Yoga Heals: Heart Disease

Cardiovascular disease (also known as heart disease and coronary heart disease) is the leading cause of death worldwide for both men and women, and is an umbrella term that refers to several problems related to dysfunction of the heart. This dysfunction is often caused by plaque buildup in the walls of the arteries, or atherosclerosis, which limits blood flow to the heart and creates a risk for heart attack or stroke. Heart disease also includes congestive heart failure, irregular heartbeat (arrhythmia), and heart valve problems.

Major risk factors of heart disease include:

Additional risk factors are age, gender and race.

Fortunately, many of the risk factors of heart disease are related to lifestyle choices and can be managed to promote better health and reduce risk of disease. Yoga is a holistic practice that promotes wellness and supports other healthy habits like eating a balanced diet, reducing stress and maintaining a healthy weight.

Stress can be hard on the heart, and yoga can help people manage and respond to stress more healthfully. Stress hormones raise blood pressure and heart rate (which can strain the circulatory system), and also increase clotting factors in the blood, and even spasm in coronary arteries. In addition to the physiological effects, chronic stress is also known to increase over-eating and intra-abdominal fat, which can lead to insulin-resistance and increased blood sugar.

Another surprising benefit of yoga for those with heart disease is that it tends to reduce feelings of anger by cultivating a sense of compassion and gratitude during yoga practice that can be carried into other day-to-day activities and interactions.
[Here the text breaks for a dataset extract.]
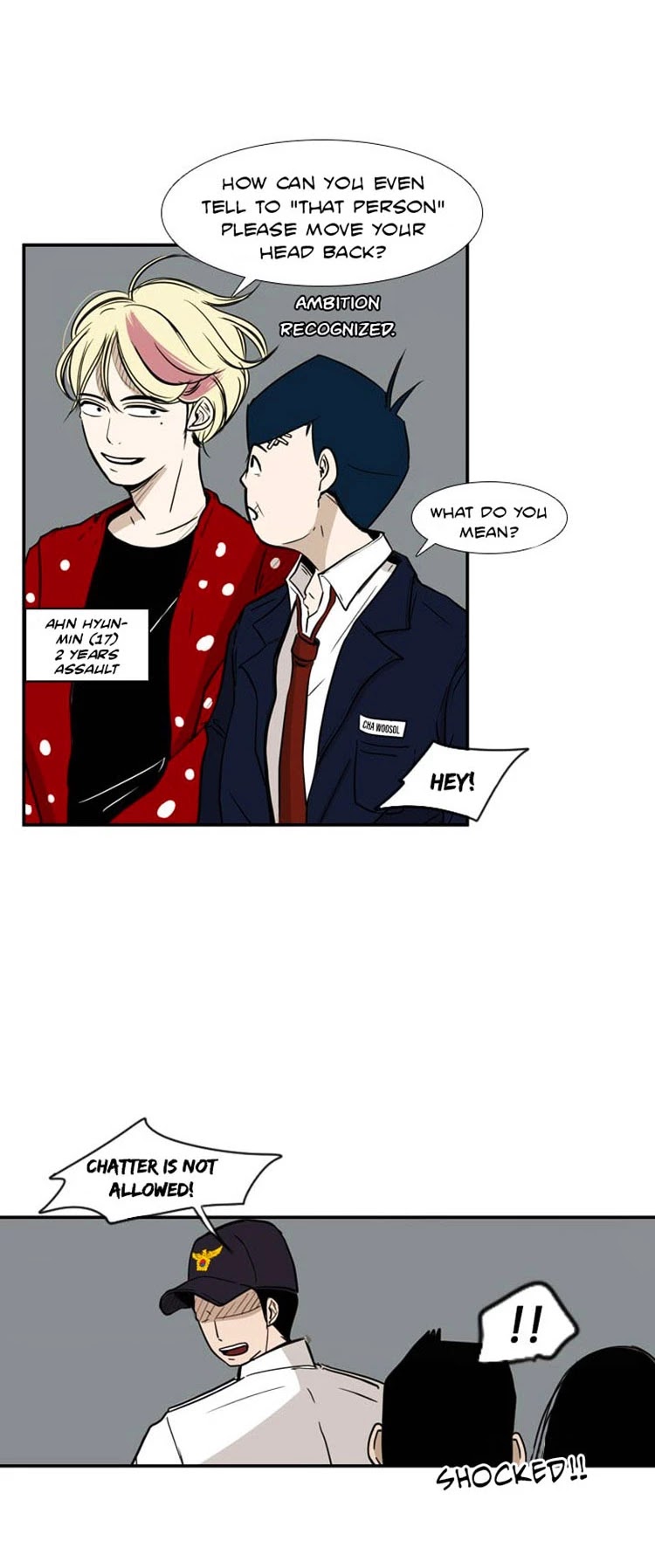 Shark chapter 3 page 34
Learning to manage strong emotions like anger with equanimity can be instrumental to prevention of serious physical reactions to stress.

For those who have excess body fat that puts them at risk for heart disease), some styles of yoga (such as Flow and Kundalini) can raise their heart rate to the aerobic range and offer a workout. Pranayama techniques, such as ujjayi and anumloma viloma (alternate nostril breathing) have also been shown to improve cardiovascular health.
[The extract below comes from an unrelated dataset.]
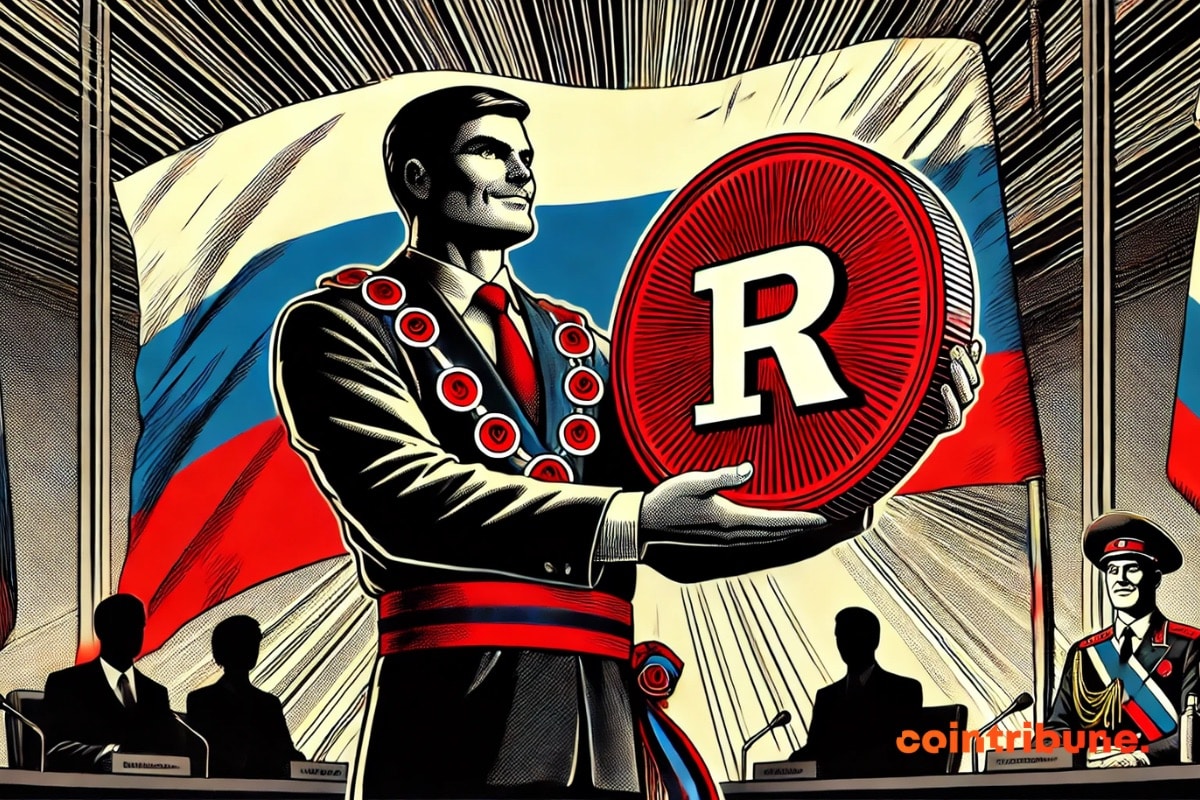 Russia is preparing to say goodbye to the USDT with its own stablecoin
For those who have experienced heart attack, yoga can be a gentle, uplifting activity that improves health, and support the lifestyle changes that will help manage, and potentially reverse, the symptoms of heart disease.

Five Techniques for Heart Disease

Yoga practice for those with heart disease, and especially for those with high blood pressure or history of cardiac infarction (heart attack), should focus on cooling postures and breathing techniques to calm the body and center the mind. A class like Restore, with its emphasis on relaxing and resting, might be highly beneficial for students with heart disease.


Upavistha Konasana, supported

This wide-legged forward bend can be very calming if done with adequate support. Leaning onto a block, elevated bolster or even a chair can make the pose less stressful and less intense of a stretch to the back of the legs.

Setu bandhasana, supported

Supported bridge pose is a mild inversion--for students new to yoga, inversions could potentially increase blood pressure. If a student begins to feel dizzy, nauseous, or short of breath, he should come out of the posture and rest on his back with knees bent.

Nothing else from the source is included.